Newspaper Blogs a Bad Idea
Editor & Publisher’s Graham Webster argues that newspapers should give up hosting their own blogs but instead focus on do
Among forward-looking media thinkers, many of them with more experience in journalism that I have on this earth, I have developed an apparently unpopular opinion. The blog craze has prompted dozens of newspapers and other news outlets to produce or plan blogs for their own Web sites. Inevitably, the argument is that it’s a good way to reach young readers who rarely buy the print edition. My heresy? Blogs are a horrible way to deliver journalism. Forget them.
This is not to say that I don’t read them. For someone sitting in an office looking for story ideas all day, blogs are great. You can check back with them every hour, and if the folks behind the blog are tireless, something new will have appeared. But you can say the same about many news sites, including E&P Online.
Are blogs journalism? How could the answer be anything but an emphatic “sometimes!” Blogging is a medium, and some journalists use it to deliver their work. But the coming generation doesn’t use blogs to get their news. Some young political junkies (read: political science majors and student journalists) have the time to plow through the likes of Wonkette, Talking Points Memo, and Andrew Sullivan’s blog. For most of us, however, we want a page with what print designers would call multiple entry points. We want to see the most important news on one screen, ranked by an editorial filter we trust.
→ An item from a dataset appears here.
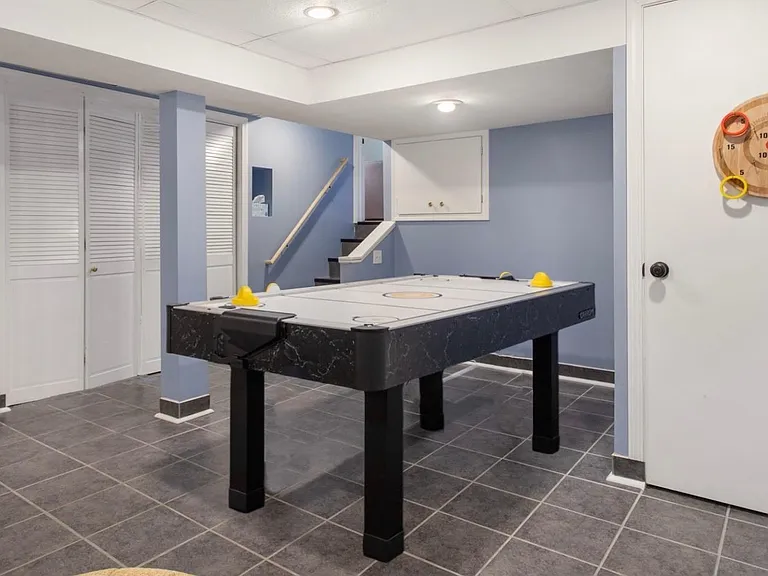 115 Iroquois Ave — Photo 15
That’s why people between 18 and 34 are 35% more likely to get news at least once a day from a portal site such as Yahoo.com and MSN.com than from newspapers (or their Web sites), despite the fact that newspapers are considered just as trustworthy, according to a newly released Carnegie Corporation study.
Blogs are popular among some readers because they’re fast, and bloggers often have a voice and attitude young people can enjoy reading. But blogging is an unfriendly medium. No one wants to have to go through clunky archives to try and find background coverage, and no one really wants to synthesize a bunch of chronological entries into a coherent view of the day’s news.
Webster omits the most obvious reason papers should eschew blogs: Almost all institutional blogs are horrid. With the exception of a handful of sites that have hired established bloggers (e.g., WaMo’s Kevin Drum) there are very few of those blogs worth reading. They tend to lack a coherent voice and the frenetic updating that marks the successful sites.
It’s true, too, that blogs are not going to replace newspapers or even news aggregation sites. While one could read InstaPundit, OTB, and a handful of other sites and have a pretty good idea what’s going on in the world, it’s only to the extent that we’re a non-mechanized form of news aggregators.